New research by a team of scientists from the U.K. and New Zealand has found that new analytical methods could bolster conservation breeding programs by offering a better understanding of why eggs don’t hatch. The researchers used fluorescent dyes to discover that nearly 66% of 174 unhatched eggs examined in the study had been fertilized, whereas previous methods suggested that only 5.2% had been fertilized. “There are many different factors that contribute to breeding success,” Gary Ward, a co-author from the London-based ZSL Institute of Zoology, said in a statement, “and the more understanding we can have into why an egg might not hatch, the more we can refine our care for these birds and the better chance of recovery we can give them.”
And more on the week’s most important fights around renewable energy projects.
1. Ocean County, New Jersey – A Trump administration official said in a legal filing that the government is preparing to conduct a rulemaking that could restrict future offshore wind development and codify a view that could tie the hands of future presidential administrations.

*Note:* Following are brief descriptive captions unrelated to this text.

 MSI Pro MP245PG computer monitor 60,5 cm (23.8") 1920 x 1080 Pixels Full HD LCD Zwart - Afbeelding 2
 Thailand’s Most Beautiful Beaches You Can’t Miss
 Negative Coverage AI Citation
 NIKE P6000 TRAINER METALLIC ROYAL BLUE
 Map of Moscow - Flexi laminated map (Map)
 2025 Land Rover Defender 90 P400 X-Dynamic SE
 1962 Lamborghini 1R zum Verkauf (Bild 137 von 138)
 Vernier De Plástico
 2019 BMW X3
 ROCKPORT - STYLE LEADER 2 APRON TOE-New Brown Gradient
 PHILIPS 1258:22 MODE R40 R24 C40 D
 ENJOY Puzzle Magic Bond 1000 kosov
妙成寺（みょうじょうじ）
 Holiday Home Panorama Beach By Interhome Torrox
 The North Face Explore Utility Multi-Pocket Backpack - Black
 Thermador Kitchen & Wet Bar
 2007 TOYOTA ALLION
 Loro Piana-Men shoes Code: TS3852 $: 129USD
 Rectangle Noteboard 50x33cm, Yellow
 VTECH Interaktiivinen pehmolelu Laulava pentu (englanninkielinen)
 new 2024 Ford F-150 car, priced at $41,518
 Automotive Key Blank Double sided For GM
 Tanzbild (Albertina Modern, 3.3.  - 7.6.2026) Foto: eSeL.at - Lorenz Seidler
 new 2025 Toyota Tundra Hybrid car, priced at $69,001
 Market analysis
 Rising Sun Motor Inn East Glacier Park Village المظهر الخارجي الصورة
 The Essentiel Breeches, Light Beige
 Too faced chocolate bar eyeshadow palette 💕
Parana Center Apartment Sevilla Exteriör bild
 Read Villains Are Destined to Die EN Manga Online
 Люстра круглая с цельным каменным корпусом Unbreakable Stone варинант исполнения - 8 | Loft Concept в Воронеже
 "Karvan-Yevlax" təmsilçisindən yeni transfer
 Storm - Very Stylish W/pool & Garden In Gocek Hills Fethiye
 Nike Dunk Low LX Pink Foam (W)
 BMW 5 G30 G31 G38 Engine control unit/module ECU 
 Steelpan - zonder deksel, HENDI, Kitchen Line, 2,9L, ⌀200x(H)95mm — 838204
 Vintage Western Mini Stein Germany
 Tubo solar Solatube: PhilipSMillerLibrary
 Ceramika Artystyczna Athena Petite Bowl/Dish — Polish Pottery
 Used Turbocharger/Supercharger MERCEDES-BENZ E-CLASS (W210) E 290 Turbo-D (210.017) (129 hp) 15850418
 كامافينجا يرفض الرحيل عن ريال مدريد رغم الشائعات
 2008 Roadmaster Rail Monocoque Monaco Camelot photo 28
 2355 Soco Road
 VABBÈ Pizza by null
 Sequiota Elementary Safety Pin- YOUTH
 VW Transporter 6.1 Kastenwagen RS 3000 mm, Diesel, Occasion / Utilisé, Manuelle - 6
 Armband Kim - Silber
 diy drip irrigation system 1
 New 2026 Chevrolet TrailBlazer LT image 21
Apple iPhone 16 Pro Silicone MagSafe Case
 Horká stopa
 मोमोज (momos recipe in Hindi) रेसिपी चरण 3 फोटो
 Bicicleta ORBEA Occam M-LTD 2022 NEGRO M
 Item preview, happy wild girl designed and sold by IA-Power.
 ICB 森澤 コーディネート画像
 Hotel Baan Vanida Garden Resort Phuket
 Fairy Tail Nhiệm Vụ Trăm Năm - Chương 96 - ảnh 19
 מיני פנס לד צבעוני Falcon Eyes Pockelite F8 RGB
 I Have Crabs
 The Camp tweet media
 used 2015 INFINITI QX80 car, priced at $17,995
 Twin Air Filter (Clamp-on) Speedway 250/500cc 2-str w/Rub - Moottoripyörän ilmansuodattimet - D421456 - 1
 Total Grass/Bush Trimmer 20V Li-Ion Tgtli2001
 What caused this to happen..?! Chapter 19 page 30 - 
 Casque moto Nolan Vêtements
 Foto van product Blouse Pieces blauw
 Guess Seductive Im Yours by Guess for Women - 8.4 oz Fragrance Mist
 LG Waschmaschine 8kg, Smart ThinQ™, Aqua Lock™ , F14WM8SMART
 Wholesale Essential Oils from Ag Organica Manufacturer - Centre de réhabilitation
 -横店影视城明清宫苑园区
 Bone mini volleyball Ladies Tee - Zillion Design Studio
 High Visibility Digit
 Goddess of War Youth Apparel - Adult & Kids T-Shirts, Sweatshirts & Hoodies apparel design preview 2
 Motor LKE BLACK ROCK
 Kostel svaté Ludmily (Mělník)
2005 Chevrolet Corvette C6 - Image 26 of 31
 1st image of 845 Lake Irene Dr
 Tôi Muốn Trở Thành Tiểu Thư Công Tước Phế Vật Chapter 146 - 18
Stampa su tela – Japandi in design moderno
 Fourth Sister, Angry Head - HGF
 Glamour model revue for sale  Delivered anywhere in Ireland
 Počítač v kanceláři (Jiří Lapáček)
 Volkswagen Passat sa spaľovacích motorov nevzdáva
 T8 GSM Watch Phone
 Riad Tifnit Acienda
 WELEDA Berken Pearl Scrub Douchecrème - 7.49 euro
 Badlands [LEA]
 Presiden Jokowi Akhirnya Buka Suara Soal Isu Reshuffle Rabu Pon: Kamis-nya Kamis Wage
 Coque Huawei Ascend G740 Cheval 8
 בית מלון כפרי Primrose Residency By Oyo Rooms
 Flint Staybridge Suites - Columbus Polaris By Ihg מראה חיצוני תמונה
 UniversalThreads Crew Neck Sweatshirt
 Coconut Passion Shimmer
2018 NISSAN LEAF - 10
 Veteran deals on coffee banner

2. Prince William County, Virginia – The large liberal city of Manassas rejected a battery project over fire fears, indicating that post-Moss Landing, anxieties continue to pervade in communities across the country.
3. Oklahoma County, Oklahoma – The Sooner state legislature on Monday held a joint committee meeting on solar and wind setbacks featuring prominent anti-wind advocates.
4. Tippacanoe County, Indiana – The developers of a large-scale solar project are suing the county over being rejected.
5. Dane County, Wisconsin – The Wisconsin Public Service Commission approved Invenergy’s Badger Hollow wind project – the state’s first new fully-permitted wind energy project in more than a decade.